Não podemos esquecer que o presidenciável do Podemos, que hoje tenta se afastar do bolsonarismo que ajudou a eleger, serviu como ministro da Justiça de Bolsonaro por um ano e quatro meses. Em total sintonia com esse desgoverno genocida e perverso, Moro tentou implementar o nefasto projeto do excludente de ilicitude, pelo qual policiais não poderiam ser punidos ao matar “sob violenta emoção”. Não é difícil imaginar, com base em todas as estatísticas de violência policial, quem seriam as principais vítimas: o povo pobre e negro das periferias. Ele ainda passou pano para as diversas denúncias de corrupção e do gabinete do ódio envolvendo Bolsonaro, a família presidencial e seus colegas da Esplanada dos Ministérios.

Não bastassem as suas contradições, pesa contra Moro a total inexperiência em um momento em que o Brasil precisará se resgatar como nação. O ex-juiz, durante o período em que comandou o Ministério da Justiça e Segurança Pública, mostrou incapacidade de articulação e uma rejeição generalizada da classe política, que ele criminalizou com a espetacularização produzida pela Lava Jato.

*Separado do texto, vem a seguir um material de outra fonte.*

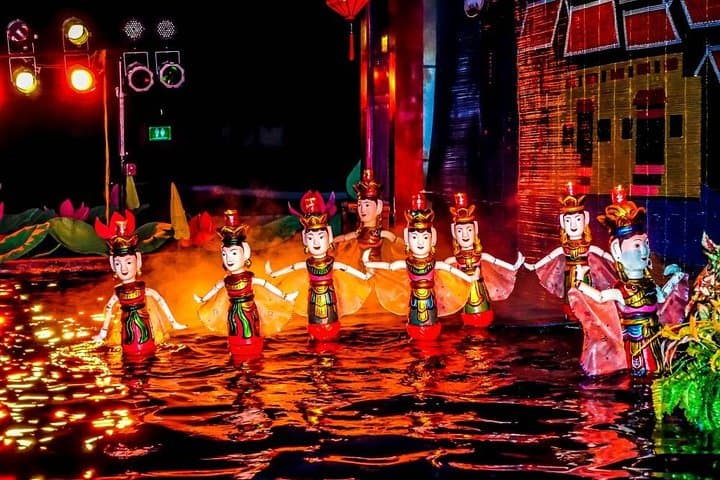 Thang Long Water Puppet Theatre Tickets — Skip-the-Line Seats in Hanoi photo 3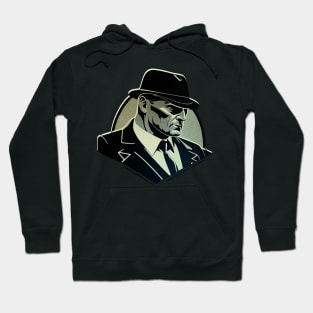 40s Mafia Boss Hoodie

Os trabalhadores querem um país que transforme as suas inúmeras desigualdades em oportunidades. Oportunidades de emprego, de renda e de educação dignas. A manutenção do que aí está vai na contramão do futuro que os brasileiros um dia sonharam e, hoje, nem sonham mais diante da tragédia vivida nas ruas. Em 2022, o Brasil terá de fazer uma escolha. A escolha não deve ser resumida a uma disputa entre Luiz, Jair, Ciro, Sergio ou João, mas entre modelos. Precisamos de alguém capaz de mudar o modelo econômico e de governança que infelicitou o Brasil nas últimas duas décadas e meia. São 13 milhões de desempregados, 20 milhões de famintos, 67 milhões de cidadãos negativados e 40 milhões de trabalhadores escravos de uma precarização galopante. Moro não parece capaz de romper com esse ciclo. Nem quer.